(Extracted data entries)
Content starts

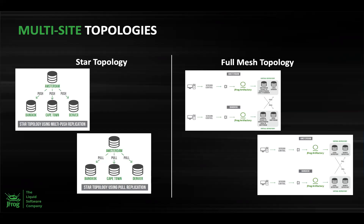Based on these replication types, you can build multi-site topologies such as Star and Full Mesh. A Star topology is recommended when you have a main facility doing development — say Amsterdam — with additional development managed at multiple remote sites such as Bangkok, Cape Town, and Denver. All three remote sites are read-only, meaning writes happen in a centralized location. You can use either push-based or pull-based replication to implement this topology. This is also referred to as multi-push replication, since you are simultaneously pushing changes to multiple sites.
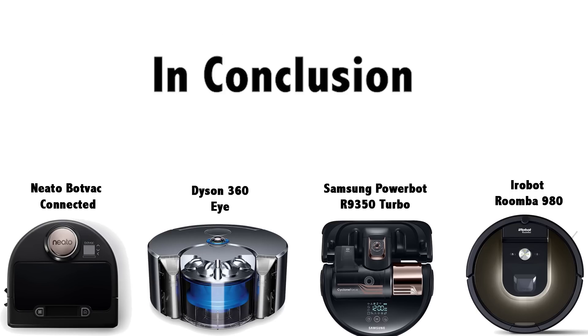In conclusion: the Neato BotVac Connected for value and comparable performance, the Samsung R9350 if you don't use an iPhone, the Roomba 980 for a solid but not spectacular unit, and wait for the next Dyson version.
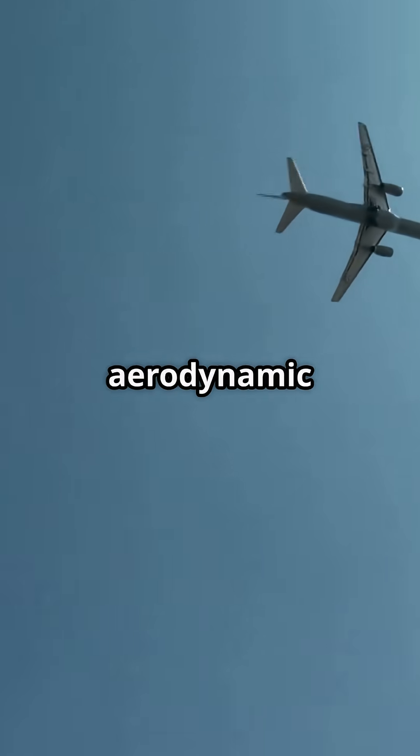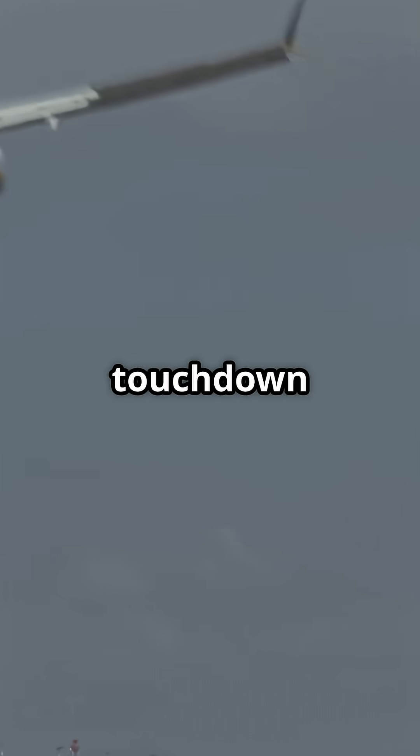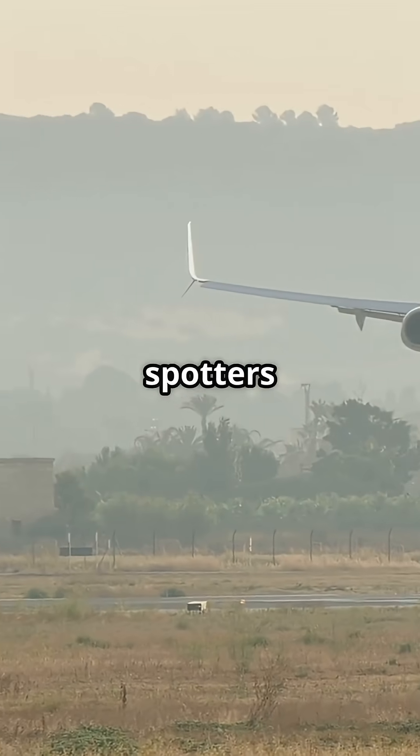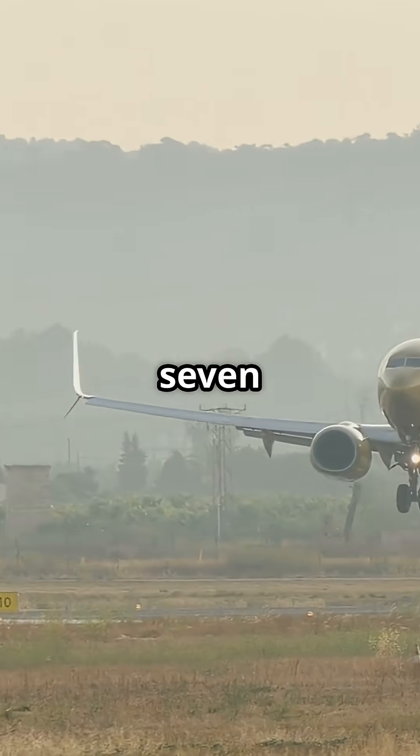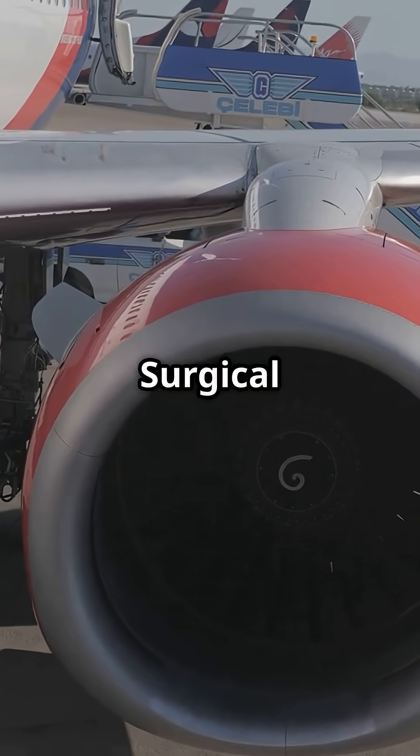Add in its low drag profile and clean aerodynamic design, and you've got an aircraft that stays stable in the sketchiest winds. Less roll, less drift, and a touchdown that feels like a flex. It's no wonder spotters and pilots still obsess over the 757 — high power, tight wings, surgical control.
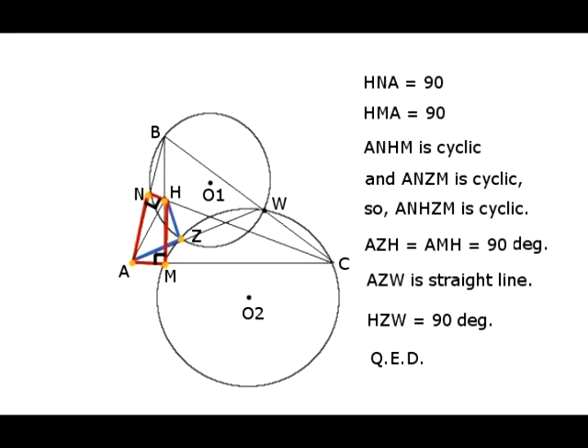Now let's deal with orthocenter H. Since angles HNA and HMA are right angles, quadrilateral ANHM is cyclic. Since ANZM is also cyclic and triangle AMN has only one circumcircle, we can conclude that the pentagon ANHZM is cyclic. Since angle HMA is a right angle, the chord subtending it — AH — is the diameter of the circumcircle of this pentagon, and therefore angle HZA is a right angle. Since we have proved that A, Z, and W are collinear, this proves that point H is collinear with points Z, X, and Y.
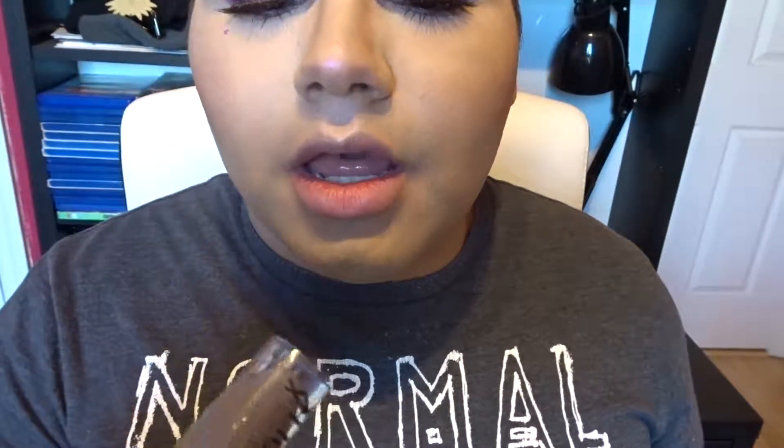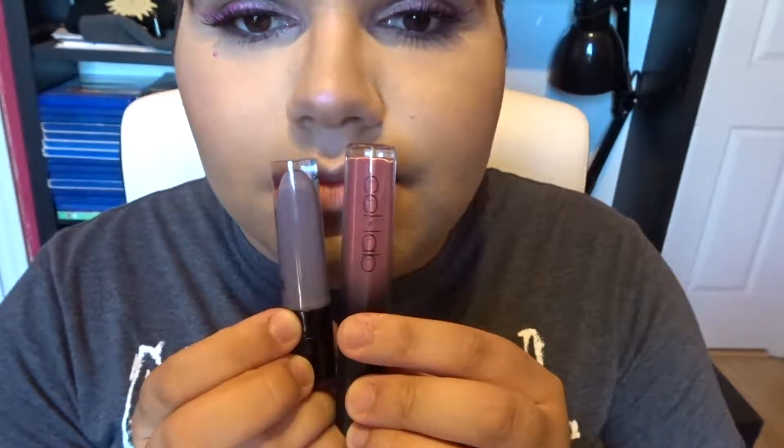Now we're going to move on to the lips. For the lipstick today, I'm torn between two colors — I don't know if I want to do this lavender gray or this mauve-y nude. I'm going to go with the gray because it's more fun. This is Lavender Crown by Wet n' Wild. To add a little life to it since it's so cool, I'll add a little bit of Boy Toy by Collab.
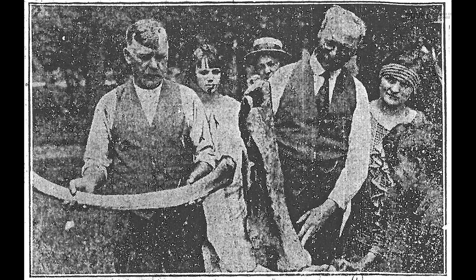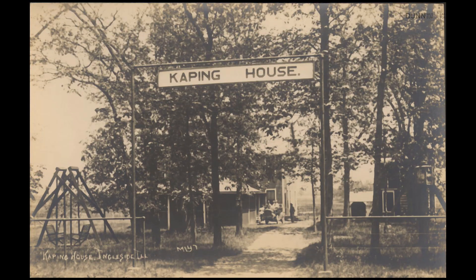Professor Elmer S. Riggs, Associate Curator of Paleontology, and Dr. H. W. Nichols, Associate Curator of Geology, were intrigued and arrived at Kaping's property to learn more and search for additional fossils. Despite their efforts, they were unsuccessful in finding more at that time.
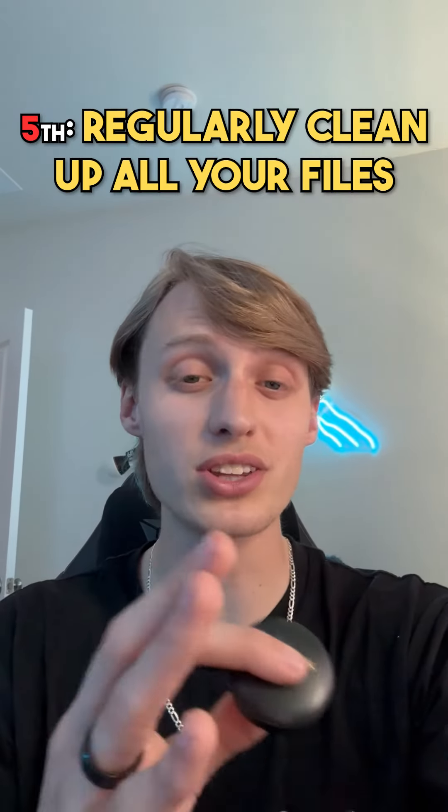Fifthly, you want to make sure you're regularly cleaning up all your files. This pretty much means you're going through and deleting all the files that you're not using or just haven't used in a while. This is extremely important to keeping organized.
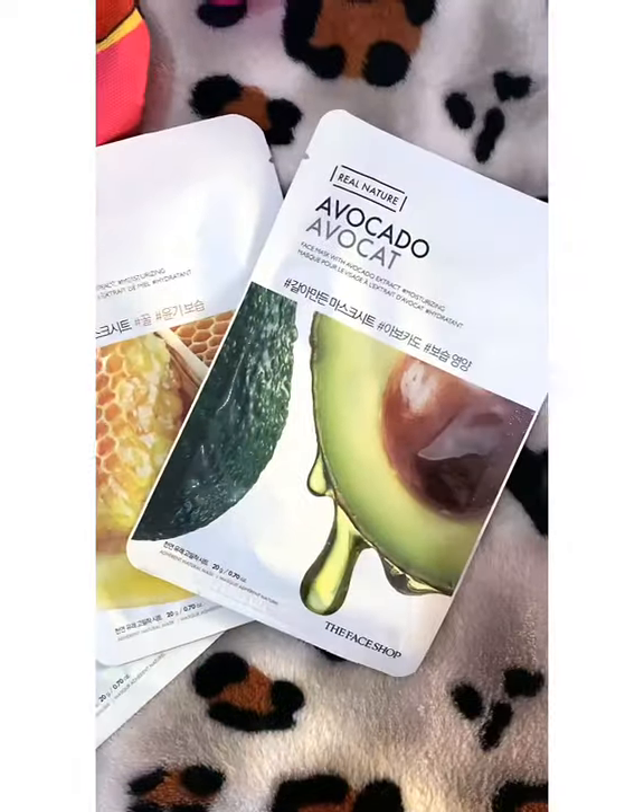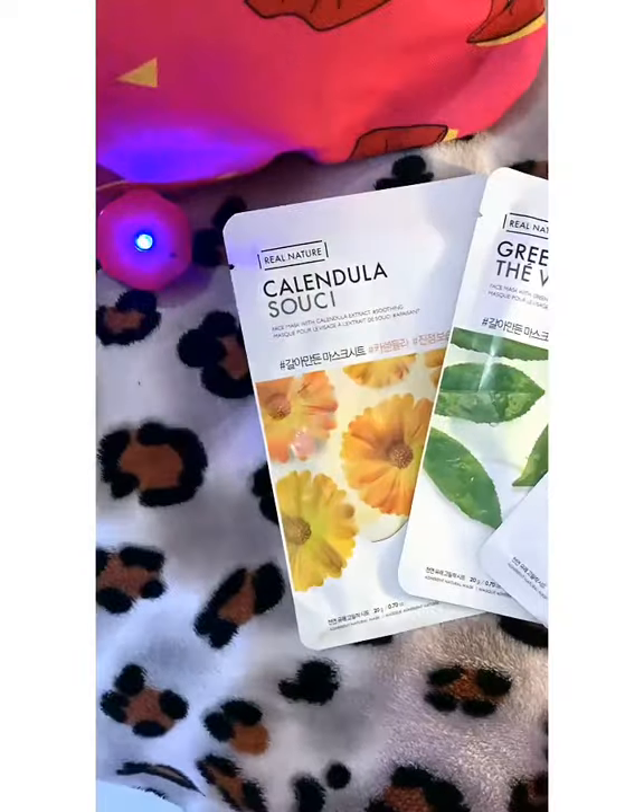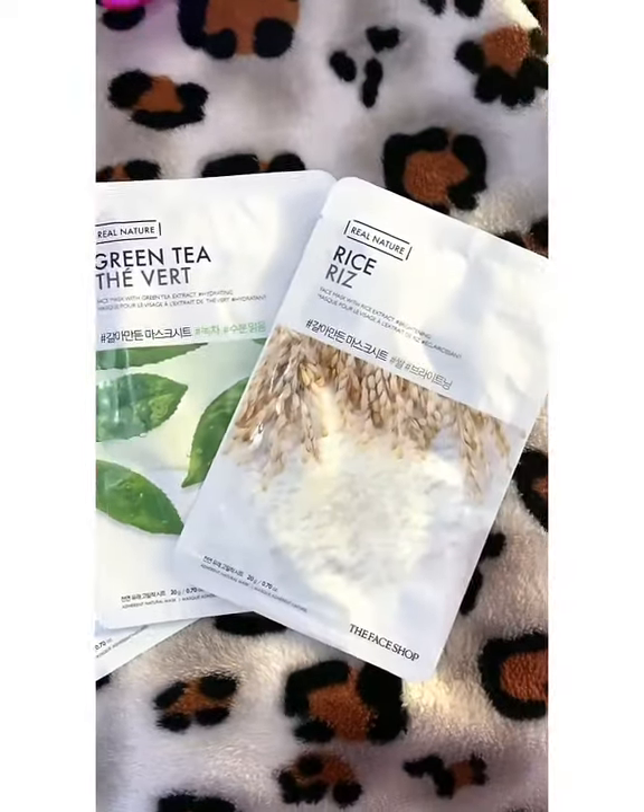Here are things to look for in a good sheet mask — identify your skin type first. For example, people with dry skin would benefit from nourishing ingredients, while for oily skin, choose ingredients which control excess sebum production.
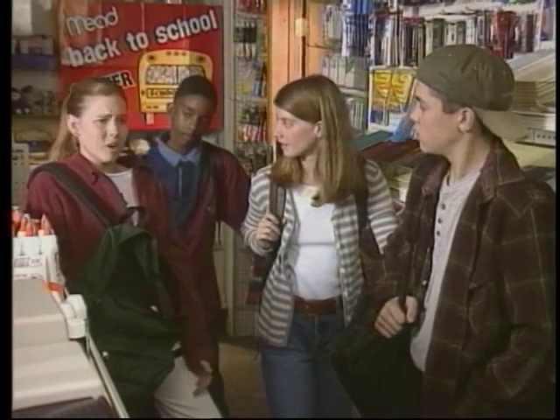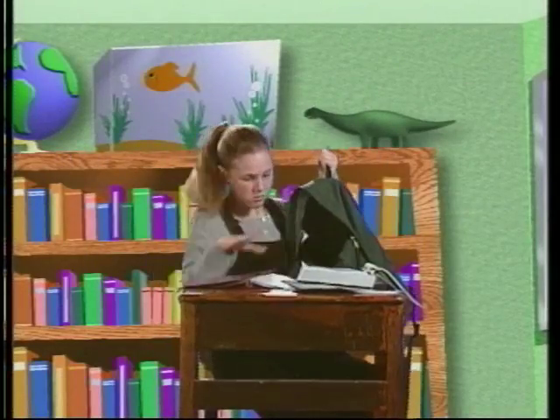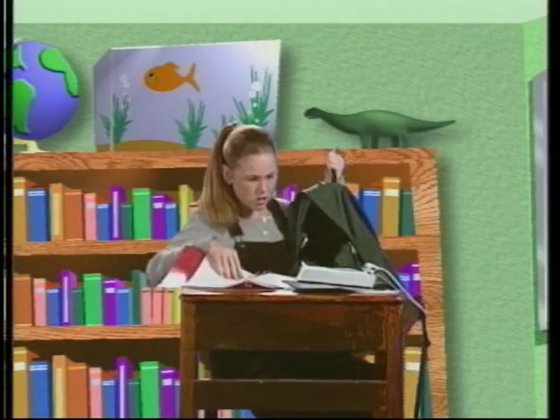I try to do that, but you know what happens. The class is over, I can't find the right binder, my friends are rushing me, I'm going to miss the next period. So I end up stuffing everything into my backpack.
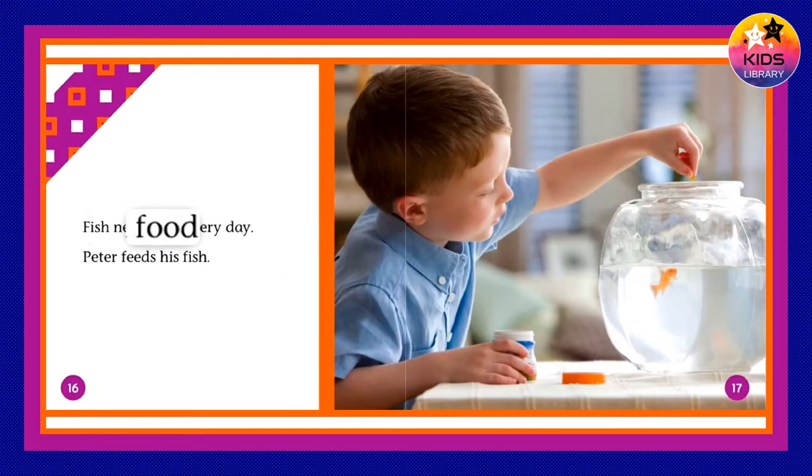Fish need food every day. Peter feeds his fish.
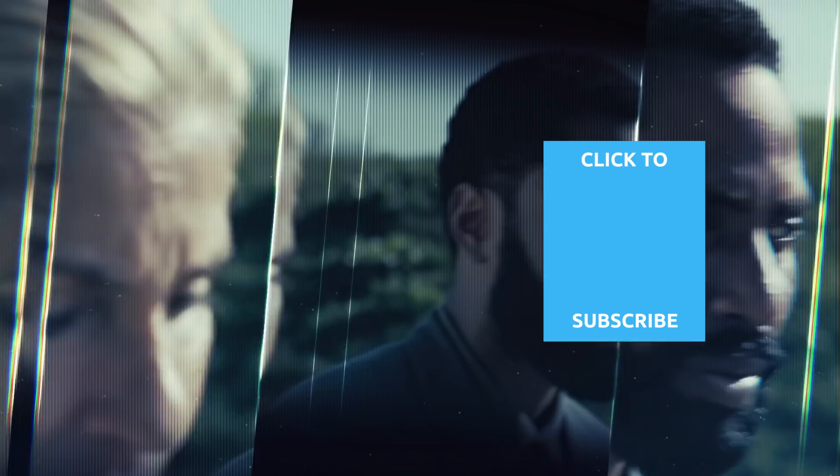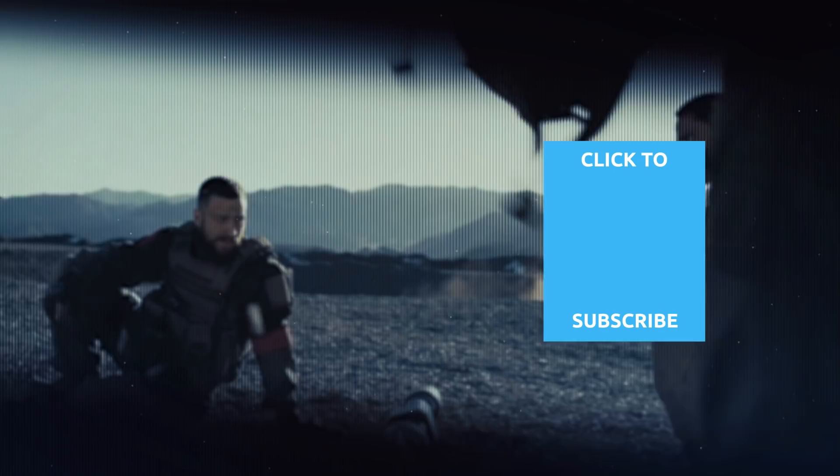Check out one of our newest videos right here! Plus, even more Looper videos about your favorite movies are coming soon. Subscribe to our YouTube channel and hit the bell so you don't miss a single one.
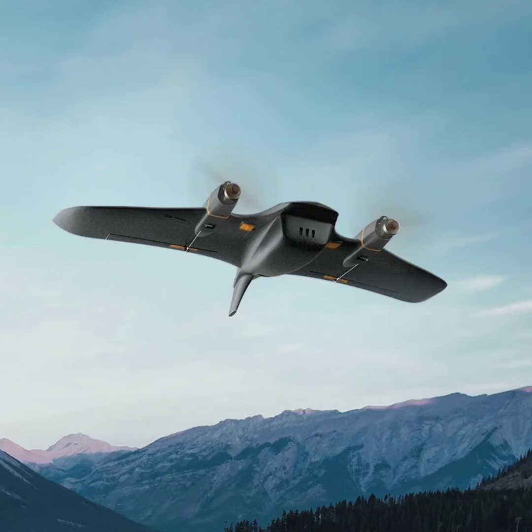The drone incorporates a roomy battery compartment that accommodates different battery types such as 3S1P18650, 4S1P18650, and 3S1P21700. It also features a versatile equipment bay that supports both analog and high-definition transmission.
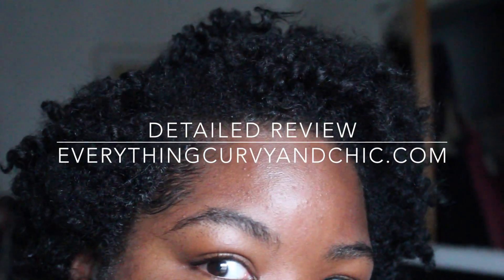If you want a more detailed review, please check out my blog Everything Curly and Chic. And until next time, you guys!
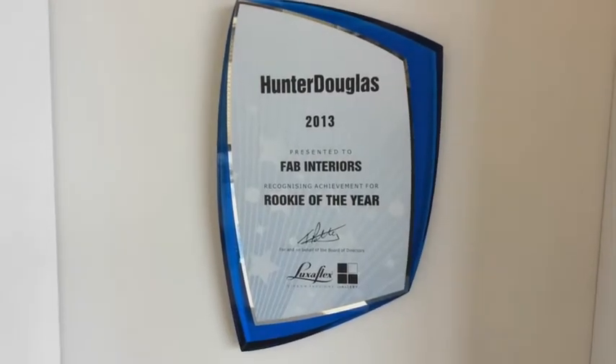It's an excellent program to be in. The support and backing of Hunter Douglas and Luxaflex is excellent.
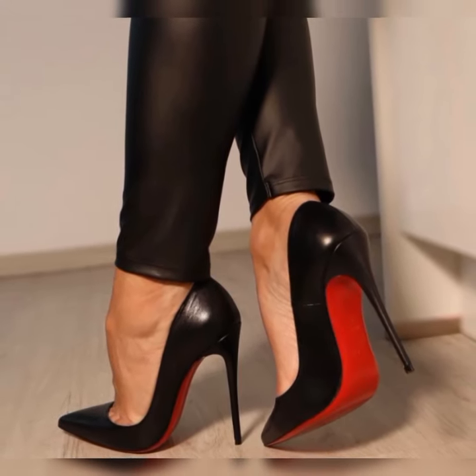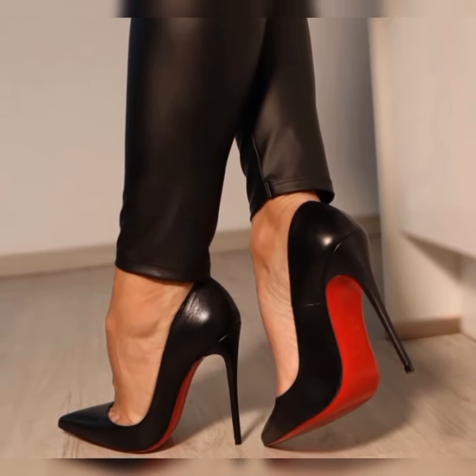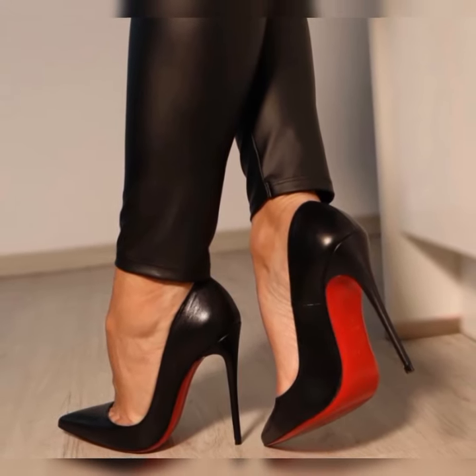The first step is choosing the right lash socks. You can go for classic black lash socks for a clean and sophisticated look, or experiment with colorful socks to add a fun and playful twist. Remember to consider the length of the socks as well, as it can affect the overall aesthetic.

Content ends

■ WHAT TO DO ■
Omit the pictures and reproduce the records above exactly.

■ REPLY TO THE TASK ■
Based on these replication types, you can build multi-site topologies such as Star and Full Mesh. A Star topology is recommended when you have a main facility doing development — say Amsterdam — with additional development managed at multiple remote sites such as Bangkok, Cape Town, and Denver. All three remote sites are read-only, meaning writes happen in a centralized location. You can use either push-based or pull-based replication to implement this topology. This is also referred to as multi-push replication, since you are simultaneously pushing changes to multiple sites.
In conclusion: the Neato BotVac Connected for value and comparable performance, the Samsung R9350 if you don't use an iPhone, the Roomba 980 for a solid but not spectacular unit, and wait for the next Dyson version.
Add in its low drag profile and clean aerodynamic design, and you've got an aircraft that stays stable in the sketchiest winds. Less roll, less drift, and a touchdown that feels like a flex. It's no wonder spotters and pilots still obsess over the 757 — high power, tight wings, surgical control.
Now let's deal with orthocenter H. Since angles HNA and HMA are right angles, quadrilateral ANHM is cyclic. Since ANZM is also cyclic and triangle AMN has only one circumcircle, we can conclude that the pentagon ANHZM is cyclic. Since angle HMA is a right angle, the chord subtending it — AH — is the diameter of the circumcircle of this pentagon, and therefore angle HZA is a right angle. Since we have proved that A, Z, and W are collinear, this proves that point H is collinear with points Z, X, and Y.
Now we're going to move on to the lips. For the lipstick today, I'm torn between two colors — I don't know if I want to do this lavender gray or this mauve-y nude. I'm going to go with the gray because it's more fun. This is Lavender Crown by Wet n' Wild. To add a little life to it since it's so cool, I'll add a little bit of Boy Toy by Collab.
Professor Elmer S. Riggs, Associate Curator of Paleontology, and Dr. H. W. Nichols, Associate Curator of Geology, were intrigued and arrived at Kaping's property to learn more and search for additional fossils. Despite their efforts, they were unsuccessful in finding more at that time.
Fifthly, you want to make sure you're regularly cleaning up all your files. This pretty much means you're going through and deleting all the files that you're not using or just haven't used in a while. This is extremely important to keeping organized.
Here are things to look for in a good sheet mask — identify your skin type first. For example, people with dry skin would benefit from nourishing ingredients, while for oily skin, choose ingredients which control excess sebum production.
I try to do that, but you know what happens. The class is over, I can't find the right binder, my friends are rushing me, I'm going to miss the next period. So I end up stuffing everything into my backpack.
Fish need food every day. Peter feeds his fish.
Check out one of our newest videos right here! Plus, even more Looper videos about your favorite movies are coming soon. Subscribe to our YouTube channel and hit the bell so you don't miss a single one.
The drone incorporates a roomy battery compartment that accommodates different battery types such as 3S1P18650, 4S1P18650, and 3S1P21700. It also features a versatile equipment bay that supports both analog and high-definition transmission.
If you want a more detailed review, please check out my blog Everything Curly and Chic. And until next time, you guys!
It's an excellent program to be in. The support and backing of Hunter Douglas and Luxaflex is excellent.
The first step is choosing the right lash socks. You can go for classic black lash socks for a clean and sophisticated look, or experiment with colorful socks to add a fun and playful twist. Remember to consider the length of the socks as well, as it can affect the overall aesthetic.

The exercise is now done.